Fui-me deitar após ver John King mostrar a um atarantado Jake Tapper que aquele ser dado como politicamente morto em 6 de Janeiro de 2021, inclusive por pessoas do Partido Republicano, registava ganhos eleitorais de 3% face à sua votação em 2020 em muitas zonas dos EUA. Estava, portanto, não só em vias de ganhar como de ter um resultado acima de todas as previsões mais optimistas.
Em setenta e tal milhões de americanos não há setenta e tal milhões de fascistas. Mesmo a percentagem que corresponderá ao retrato folclórico dos criminosos que invadiram o Capitólio será ínfima. A quase totalidade desta gente que deu a vitória a Trump representa o “average Joe” que não faz mal a ninguém e quer é levar uma vida decente e pacífica. Pessoas com todo o direito a preferirem ir para a direita em vez de para a esquerda calhando chegarem a uma encruzilhada.
Acontece que o seu voto premiou quem, de facto, despreza a democracia, o Estado de direito e o elementar humanismo.
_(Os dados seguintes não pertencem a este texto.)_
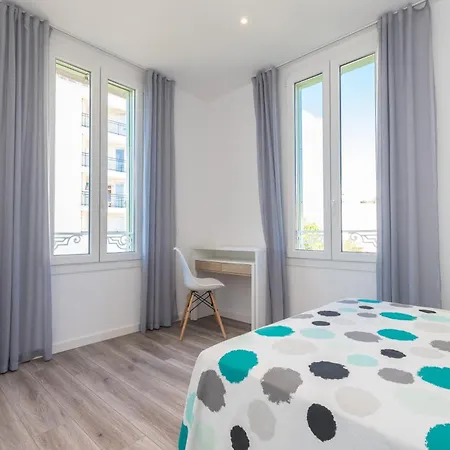 1er Etage Apartment *
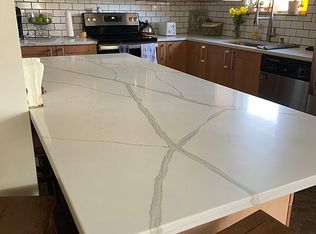 7966 Dartmouth Ct, Indianapolis, IN 46260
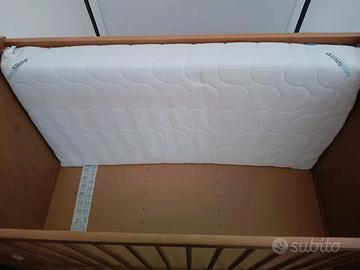 Lettino/culla bimbi/neonati in legno con materasso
A primeira vez que constatei ser Trump um fenómeno desconhecido da ciência política ocorreu em 2015, quando atacou o senador John McCain precisamente no valor em que ele era mais prestigiado, e mais prestigiante, no universo do Partido Republicano: ser um herói da guerra no Vietname, tendo ficado com graves sequelas para a sua saúde por causa dos ferimentos ao ejectar-se de um avião e das torturas a que foi sujeito durante 5 anos. Ora, não só parecia estulto atacar McCain fosse pelo que fosse como tal ataque vir de um tipo que nem sequer fez o serviço militar, e sobre quem recaía a fortíssima suspeita de ter sido protegido pelo poder da sua família para precisamente escapar à guerra do Vietname, levava a concluir com 750% de certeza estarmos perante um suicídio político. Qualquer Republicano sentiria asco ao ouvir “Eu gosto das pessoas que não foram capturadas” saído da boca de um cobarde, né? Pois nada disso aconteceu, passou-se tudo exactamente ao contrário.
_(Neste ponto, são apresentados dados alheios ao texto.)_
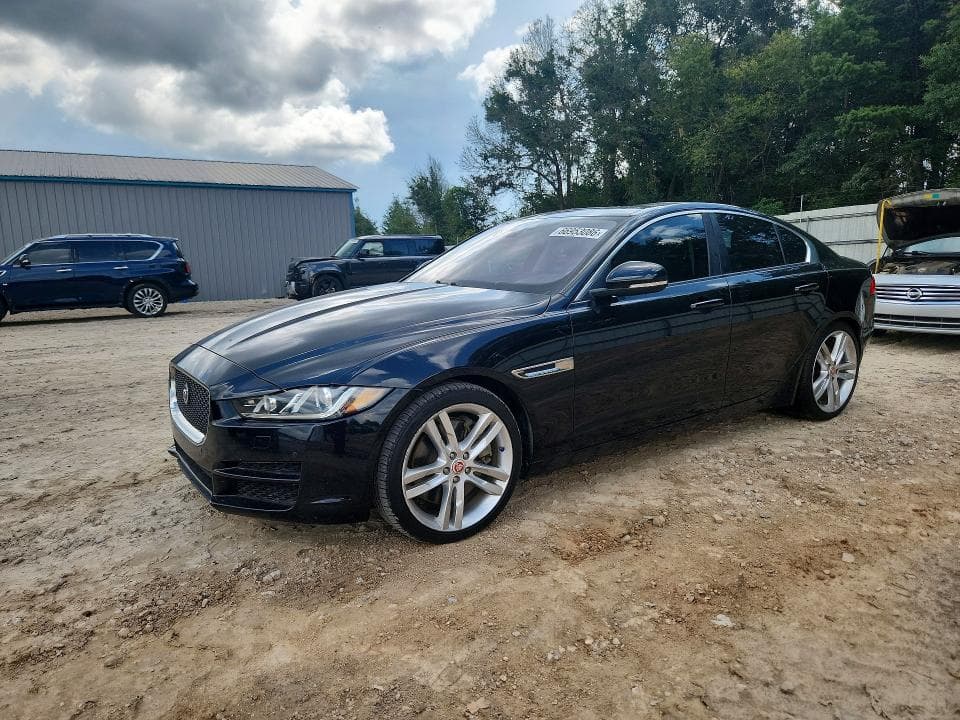 2017 JAGUAR XE PREMIUM - 1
Nesta campanha, e depois do que provocou em 6 de Janeiro de 2021, Trump verbalizou existir um “inimigo interno” mais perigoso do que os inimigos externos, o qual poderia ser alvo das forças policiais e militares. Como não o identificou, a sugestão foi a de que os seus adversários políticos são esse inimigo interno. Sobre Liz Cheney, ex-congressista Republicana e filha de Dick Cheney, lançou a imagem de ela vir a ficar na mira de armas. Sobre o sistema de Justiça, disse que pretende substituir funcionários federais que não aceitem perseguir judicialmente quem ele considere um inimigo político, tendo prometido processar Joe Biden, Kamala Harris, Nancy Pelosi e Adam Schiff. Não apetece ter qualquer tipo de respeito por quem ameaça a liberdade, e a vida, mas a democracia impõe aos seus defensores a humildade de serem apenas parte da comunidade e a coragem da integridade. Daí, ser necessário congratular Trump pela sua vitória, como Kamala Harris fez — e Trump não fez com Biden.
O poder da democracia não é o do dinheiro, das armas ou do sangue. A democracia existe como contrapoder dessas forças que podem ser esmagadoras, exploradoras e ostracizantes de indivíduos e grupos. O poder da democracia radica exclusivamente na Lei. Uma lei fundamental, portanto nascida da vontade soberana de uma dada comunidade. Se essa comunidade, em eleições livres isentas de fraude, decide dar o poder a quem ameaça a própria democracia, ainda assim há motivos para festejar. Não o perigo, até o nojo, que o resultado eleitoral provoca mas o processo. O orgulho de continuarmos a ser frágeis, subindo às muralhas da cidade com a gana da liberdade.